[[ Exercise data open ]]

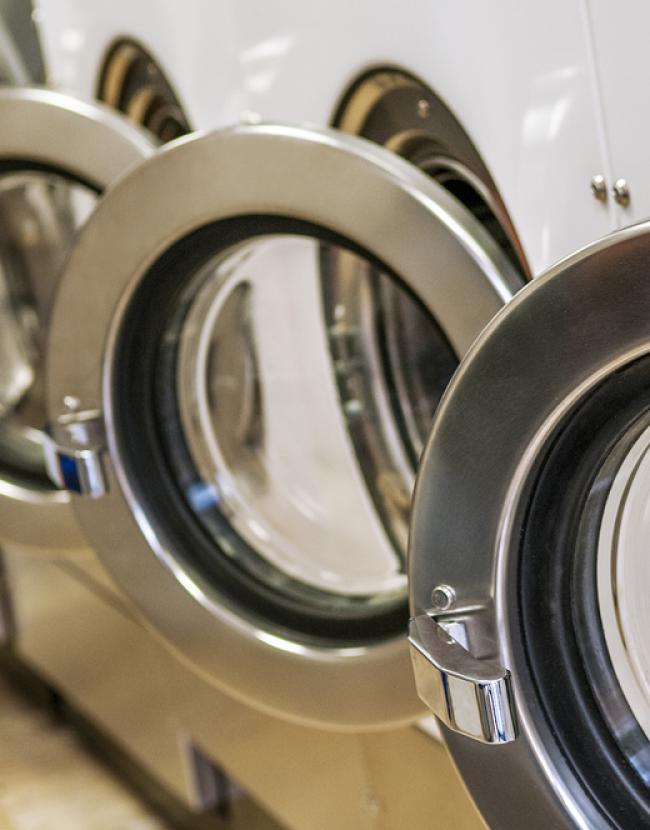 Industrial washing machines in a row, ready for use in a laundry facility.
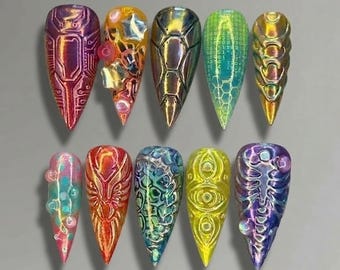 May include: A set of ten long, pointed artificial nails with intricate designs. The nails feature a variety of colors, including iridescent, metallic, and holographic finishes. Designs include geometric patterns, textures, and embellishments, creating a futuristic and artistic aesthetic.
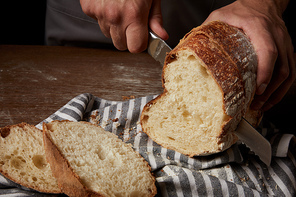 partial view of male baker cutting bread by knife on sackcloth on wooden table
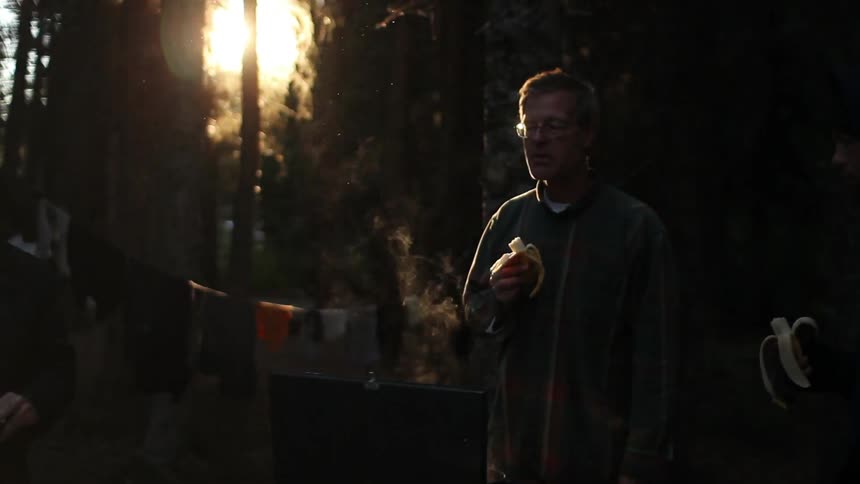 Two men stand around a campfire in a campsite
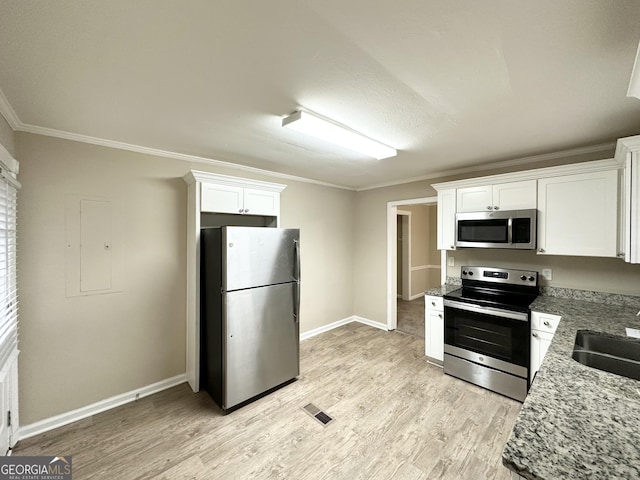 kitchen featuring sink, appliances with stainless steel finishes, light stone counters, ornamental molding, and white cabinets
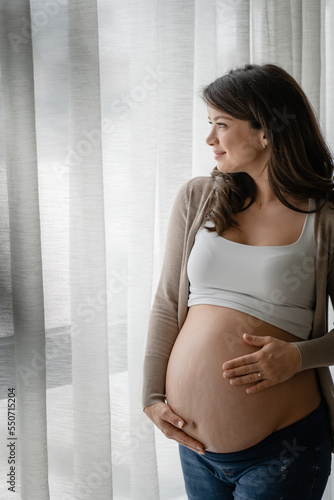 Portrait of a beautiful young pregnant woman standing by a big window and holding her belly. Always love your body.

[[ Exercise data closed ]]

What is being asked:
Transcribe the records in full and exactly. Pictures stay out.

Exercise output:
 Industrial washing machines in a row, ready for use in a laundry facility.
 May include: A set of ten long, pointed artificial nails with intricate designs. The nails feature a variety of colors, including iridescent, metallic, and holographic finishes. Designs include geometric patterns, textures, and embellishments, creating a futuristic and artistic aesthetic.
 partial view of male baker cutting bread by knife on sackcloth on wooden table
 Two men stand around a campfire in a campsite
 kitchen featuring sink, appliances with stainless steel finishes, light stone counters, ornamental molding, and white cabinets
 Portrait of a beautiful young pregnant woman standing by a big window and holding her belly. Always love your body.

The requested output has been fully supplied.